Oh dear, where to start! First with 2 already mentioned: Marc Chagall and
Frida Kahlo. Not together
(although why not?) - but both brought something very new and significant to 20th Century art and both were slightly marginal as artists (Chagall as a shtetl Jew, Kahlo as a Latin American woman), yet managed to impose their art. I have no idea how their art would look on tarot cards. I suspect Frida Kahlo's would be more suited because she painted small paintings, very detailed, on smooth steel.
Next with a glorious classic:
Jan Vermeer. He didn't leave the "right" kind of paintings for a tarot - not even a set of majors - so we would have to ressucitate him and give him the commission. Given when he lived, I would have him paint 22 Majors, and 56 unscenic minors in any style he fancied. I think he would have brought a special illumination and "every day magic" to tarot.

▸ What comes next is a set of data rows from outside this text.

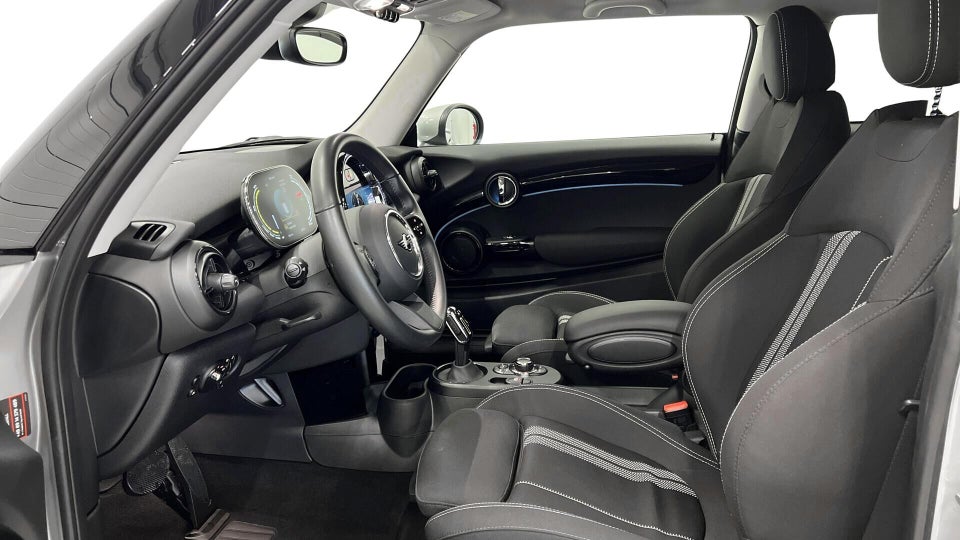 MINI Cooper SE Essential 3d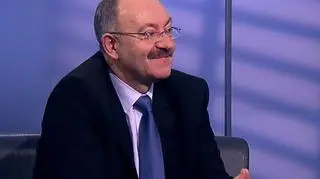 Sejm rozpoczyna prace nad ustawą deregulacyjną. Zmienia ona ok. 90 ustaw. Do walki z obciążeniami administracyjnymi dla biznesu został wyznaczony Mieczysław Kasprzak, nowy wiceminister gospodarki.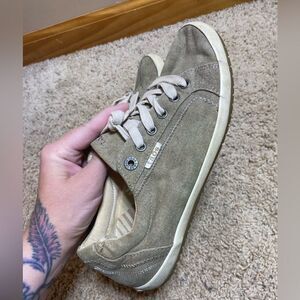 Taos sneakers women’s 9 tan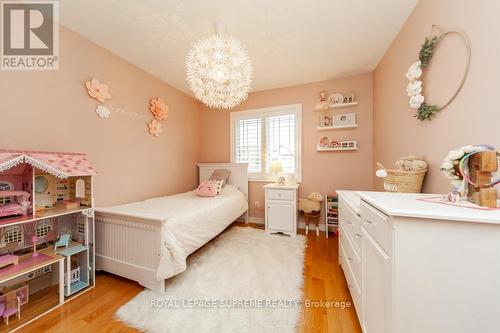 43 Hoard Avenue N, New Tecumseth, ON - Indoor Photo Showing Bedroom
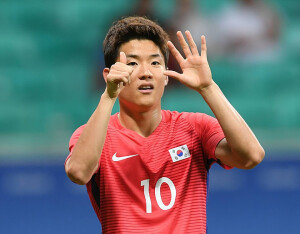 [화보] 한국, 피지에 8-0 대승…‘류승우 해트트릭’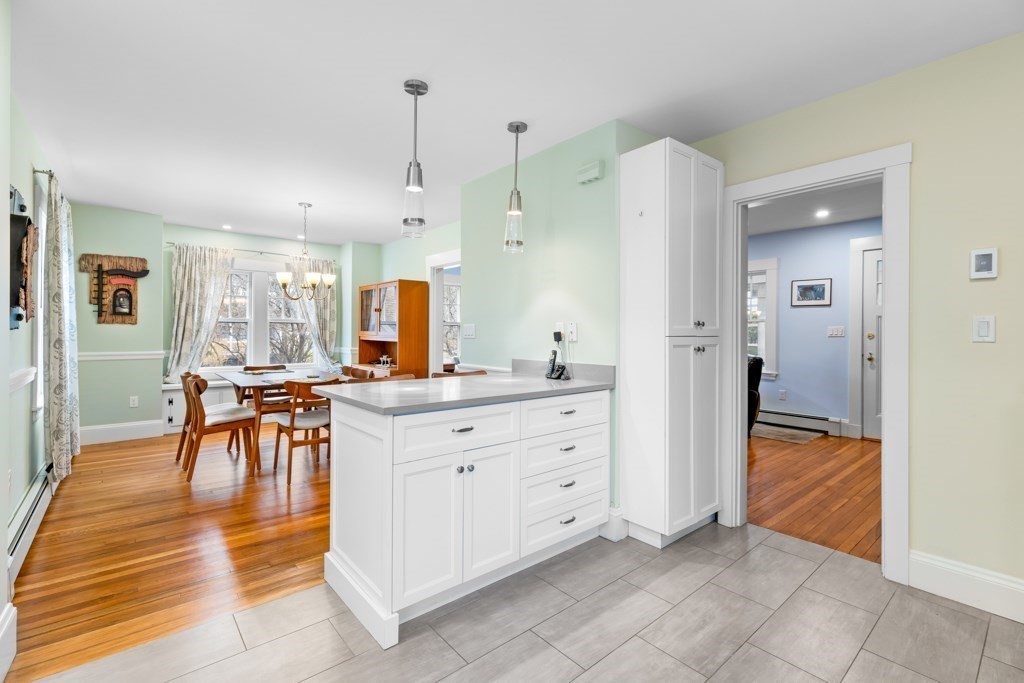 13 Plymouth Road Needham, MA 02492 - Photo 6 of 27 Gallery Image 6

This observant and tongue-in-cheek artist merits a deck...
Grandville...oh, but wait a minute...he is having one
...
Among the contemporaries,
Oswaldo Guyasimin might make some astonishing imagery for tarot -I'd love to see his "Hands of Fear" series translated into arcana - although he paints huge canvases, so it might be a challenge to get him to paint small.
In a much lighter vein, the cult comic artist Zep - a local boy made good! - and his
Titeuf might give us an irreverent deck
Chris Ofili, the British artist of Nigerian parentage, who made everyone gasp with the elephant dung he added to his witty canvases would no doubt make a very zany deck
For you Londoners out there - he's showing at the moment in the Upper Room of the Tate.
Finally,
a Pre-Raphaelite deck would be beautiful - I am surprised none exist! - as would a deck made up of
Medieval illuminations of books. Without trespassing on the ground covered by the Golden Tarot, I think some careful exploration would bring us some marvellous medieval imagery - energetic, funny, dark, deep and very eloquent, as was so much of medieval imagery.